It is not one element of the storm, it is all of them; untreated mental illness, instability, and many, many other unseen issues even before you add in the weapon element. We cannot blame only one. The problem will not be solved by banning one element. The entire problem needs addressing all at once. Equal blame can be assigned to all.

We saw the Metro in the DC area had yet another shooter loose today. Hearing it was the Metro caused us concern. Our grandson rides with some of his homies to school. Further reports clarified it was nowhere near our grandson’s area. Another thank God. The heightened sensitivity towards the news cycles is not unusual, it happens all the time. We’re honed in on it, then life goes back to normal.

My heart broke yesterday for one of the young Target workers. She was being interviewed about her experience and mentioned it was ingrained into them after having their entire school career filled with active school shooter training. What a shame, having that be a part of a young person’s life. My generation didn’t have that to worry about. Our kids and grandkids do. What kind of world do we have?

It’s exactly at this point, we need to stop and be positive. There are far more people who are good, kind people. Bad things happening is the exception, not the norm. Many more of our days go by uneventful than deadly and frightening. Yes, give me a boring day any day of the week. Here’s to a boring next couple days. Stay safe out there, and see you tomorrow.

The Last Day of January, 2023

If you live in Nebraska or any state north of there, you know what I’m talking about.

This morning, when I opened the inside door to let the dogs out, the combination door to the outside was frosted over. Not just on the glass, but on all the metal, too. It was about zero degrees out. And don’t touch it with wet fingers – or your tongue.

Yes, it’s that cold out. The possibility for frigid temps, snow, and bad weather exists for another couple of months. We have lots of things to take care of inside until springtime comes along. There are lots of books, projects, and writing to do.
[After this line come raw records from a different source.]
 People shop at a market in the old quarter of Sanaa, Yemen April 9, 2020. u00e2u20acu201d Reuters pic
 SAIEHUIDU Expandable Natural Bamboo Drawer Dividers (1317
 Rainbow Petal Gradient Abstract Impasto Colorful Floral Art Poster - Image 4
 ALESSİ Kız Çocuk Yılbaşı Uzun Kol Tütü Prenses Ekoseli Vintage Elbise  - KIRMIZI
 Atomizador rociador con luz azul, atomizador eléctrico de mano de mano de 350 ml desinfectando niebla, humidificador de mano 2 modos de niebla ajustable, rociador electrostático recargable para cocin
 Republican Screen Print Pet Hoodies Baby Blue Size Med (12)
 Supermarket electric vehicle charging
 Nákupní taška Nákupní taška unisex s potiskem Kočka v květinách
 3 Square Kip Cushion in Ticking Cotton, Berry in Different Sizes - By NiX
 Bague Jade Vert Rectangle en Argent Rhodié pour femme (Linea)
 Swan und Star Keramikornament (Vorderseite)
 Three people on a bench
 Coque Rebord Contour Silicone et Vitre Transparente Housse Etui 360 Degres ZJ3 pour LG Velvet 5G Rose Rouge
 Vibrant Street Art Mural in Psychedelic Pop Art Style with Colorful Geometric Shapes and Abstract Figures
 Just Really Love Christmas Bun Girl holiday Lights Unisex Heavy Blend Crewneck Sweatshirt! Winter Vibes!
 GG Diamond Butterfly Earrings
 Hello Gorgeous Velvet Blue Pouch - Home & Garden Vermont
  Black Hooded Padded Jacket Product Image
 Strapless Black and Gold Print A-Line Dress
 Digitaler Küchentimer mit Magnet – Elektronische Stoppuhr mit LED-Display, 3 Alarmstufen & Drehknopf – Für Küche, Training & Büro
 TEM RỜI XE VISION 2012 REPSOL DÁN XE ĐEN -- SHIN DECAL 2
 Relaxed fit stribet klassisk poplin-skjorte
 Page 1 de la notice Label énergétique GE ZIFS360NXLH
For the first month of 2023, I made a decision for my future. The art/drawing/painting bug has been biting me since I went with my friend Lora last summer to see Van Gogh. I have not started yet, but hope to by March 1. February 1, I’m taking out my kid book again and begin to edit the long passages.

The hardest part of me with a kid book is to learn most parents don’t want a book to last more than about five minutes. They’re too busy to read. That makes me sad, but I can’t change that.

The quilts are coming along nicely. I am learning to accept the fact I only think I can finish things quicker than I do. It’s hard, but it’s better than driving myself crazy. It’s part of learning to accept ourselves. I have to accept every part of myself to let the creative vibes do their thing. The clearer my strong points become, the better to capitalize on them.

I am very much almost right on with my Goodreads Reading Challenge for 2023. I started Colleen Hoover’s, “All Your Perfects.” I’m about 1/3 way in so far, and I’m thinking it may only take a day or two to finish it. Some of her books are a little hard to follow; I think that was maybe because I was probably much older than her fans who read the books/trilogy. I’m guessing she also wrote these books earlier in her life. The combination could be why I had some difficulty being interested in the story about very young love, first apartments, first breakups.

I’ve repeatedly read about the more you read, the better you will write. I’m all for that. I do love to read. And learning all throughout life helps us create keys to different parts of ourselves. Some keys open doors we’d rather not open. They can stay closed. The keys that open doors to new adventures, new people, new discoveries. Those are the doors we want to open. They exist to enhance our lives. I think we all want to do this.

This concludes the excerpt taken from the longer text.